Raman’s intelligent insights: Understanding the Machine Learning models that enable anomaly detection
Written by
Netcore Cloud

Raman’s intelligent insights: Understanding the Machine Learning models that enable anomaly detection

Our definition of anomaly detection in terms of AI-led intelligent insights focuses on time series outlier detection

“An ounce of prevention is worth a pound of cure.”

This implies that addressing smaller challenges in a timely manner helps avoid bigger ones, saving money, time, and resources. This holds true in the business world too.

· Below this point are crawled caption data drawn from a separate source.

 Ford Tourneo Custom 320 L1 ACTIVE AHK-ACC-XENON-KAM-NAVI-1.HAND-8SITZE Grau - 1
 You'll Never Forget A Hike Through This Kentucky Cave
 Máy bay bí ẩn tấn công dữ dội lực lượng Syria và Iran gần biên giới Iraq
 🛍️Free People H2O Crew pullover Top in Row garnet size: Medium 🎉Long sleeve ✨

Digital and mobile marketing across industries and channels such as email, SMS, app push notifications, web push notifications, etc. is proving more promising in terms of ROI than the traditional means. In such an environment where a small slip-up can cause businesses to lose customers or competitive advantage, brands have to continuously monitor performance and keep a close watch on changes in the most relevant KPIs.

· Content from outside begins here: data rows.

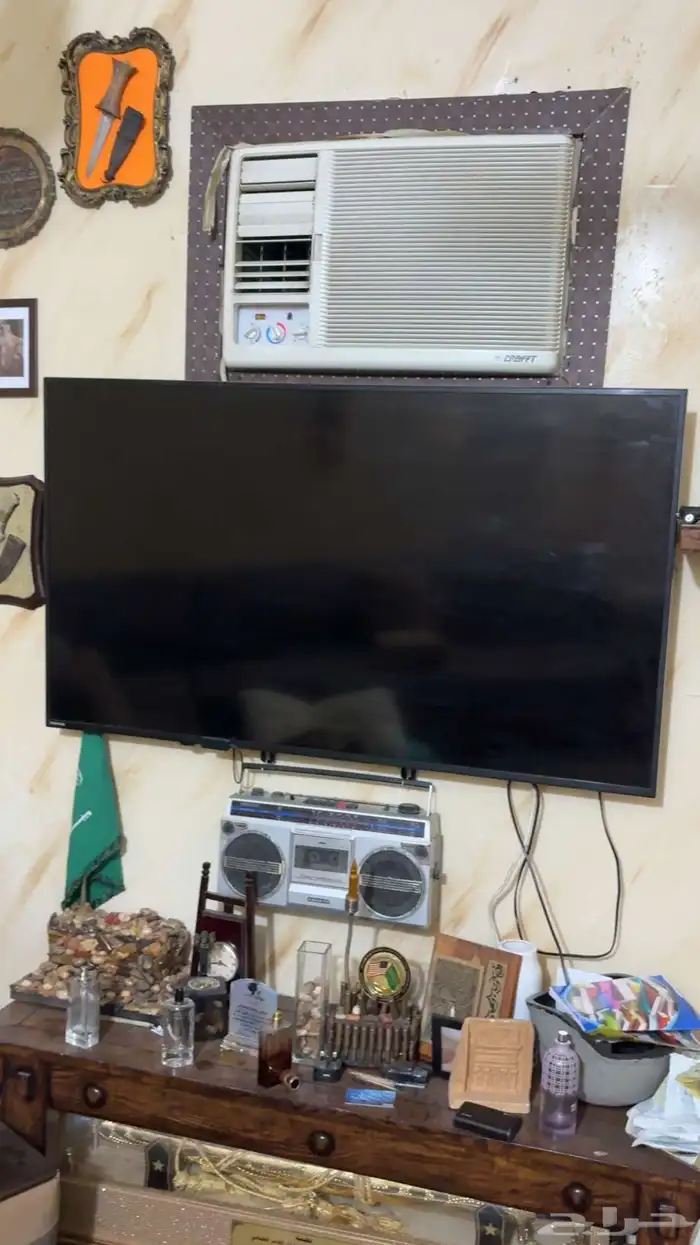 تلفزون اثنين مكنسه و سماعه كبيره للبيع 3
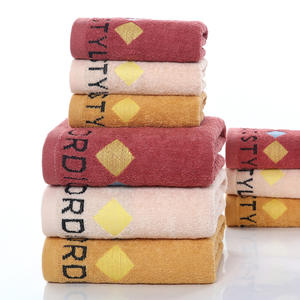 Forte absorption d'eau salle <span class=keywords><strong>de</strong></span> bain maison <span class=keywords><strong>toilette</strong></span> 70*140 luxe absorbant coton serviettes <span class=keywords><strong>de</strong></span> bain en gros - Product Image 4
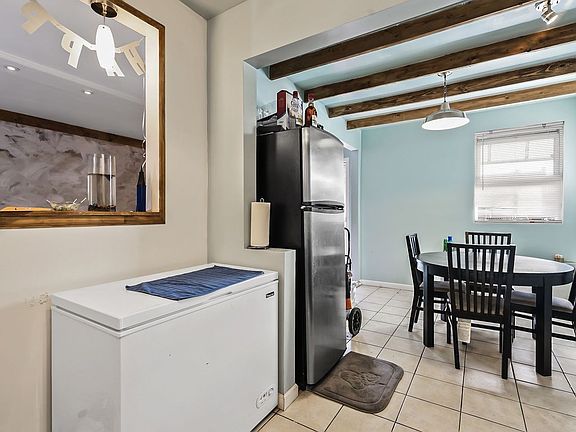 5th image of 1272 E 52nd St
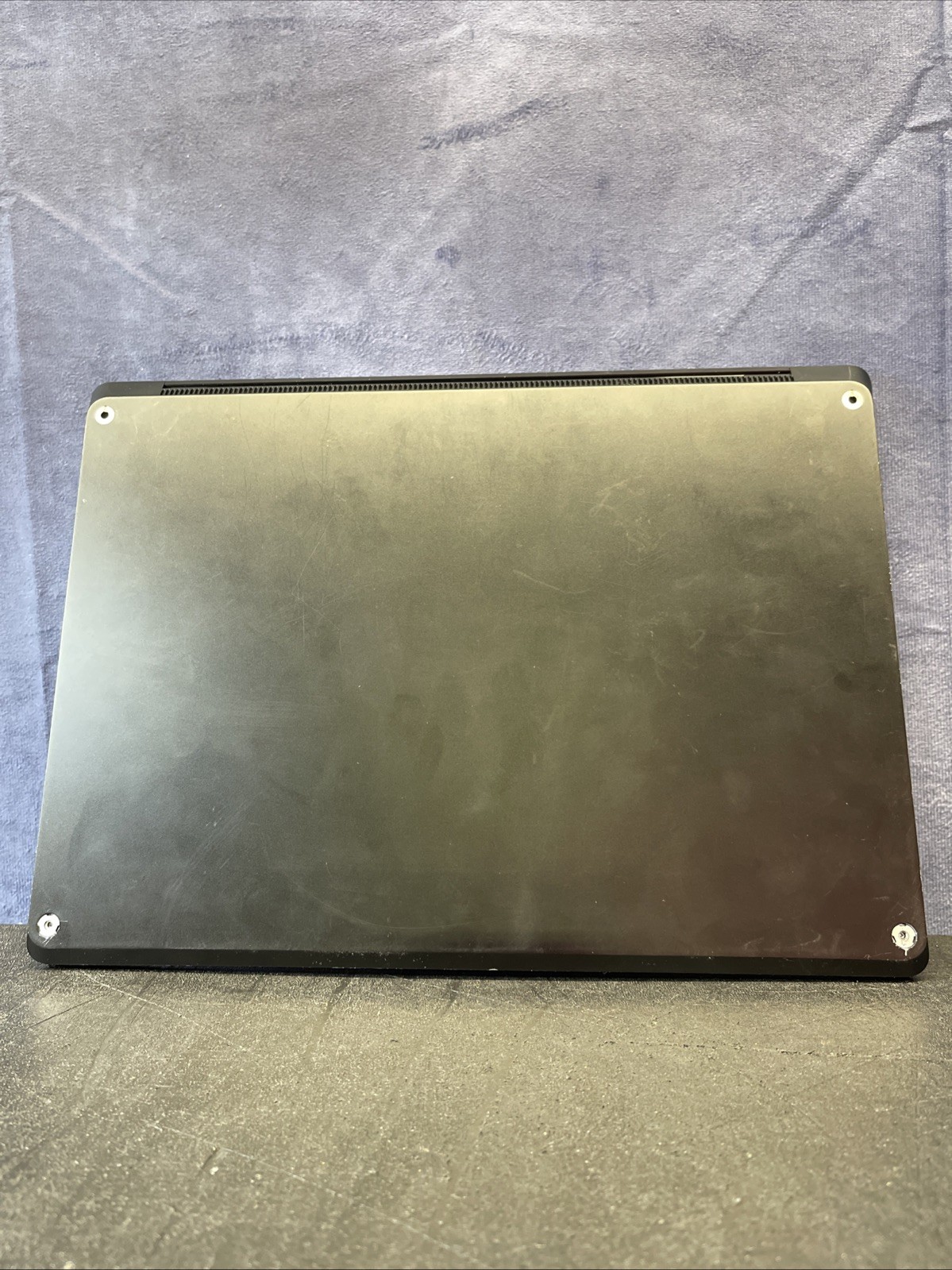 Microsoft 1951 Tested LCD Screen w/ Chassis & Battery -No Motherboard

Consequently, detecting anomalies – good or bad – and taking progressive or corrective action is critical to success.

What is anomaly detection?

Anomaly (or outlier) detection is a concept designed to find critical deviations in the business. It involves closely monitoring and analyzing data patterns in real-time to gauge the behavior of various business KPIs.

This process entails isolating the timestamp or periods that raise suspicion by differing significantly from the majority of data and not adhering to the overall data statistics. This same methodology is used widely in other industries such as:

  • Fraud detection in BFSI
  • Malfunctioning equipment in Manufacturing
  • Infrastructure/material defect detection in Construction
  • Sales or demand spike detection in Pharmaceuticals
  • Engagement surge in Social media

Our definition of anomaly detection in terms of AI-led intelligent insights focuses on time series outlier detection. This involves gauging the data of certain Business KPIs in the right chronology and identifying the instances that don’t follow the common collective trend and seasonal/cyclic pattern of the entire data. In simpler terms, it involves identifying data-points that aren’t in the same trend as the data-points in the neighborhood. The anomaly could be seen in the form of unexpected drops or spikes, flat lines, or phase shifts.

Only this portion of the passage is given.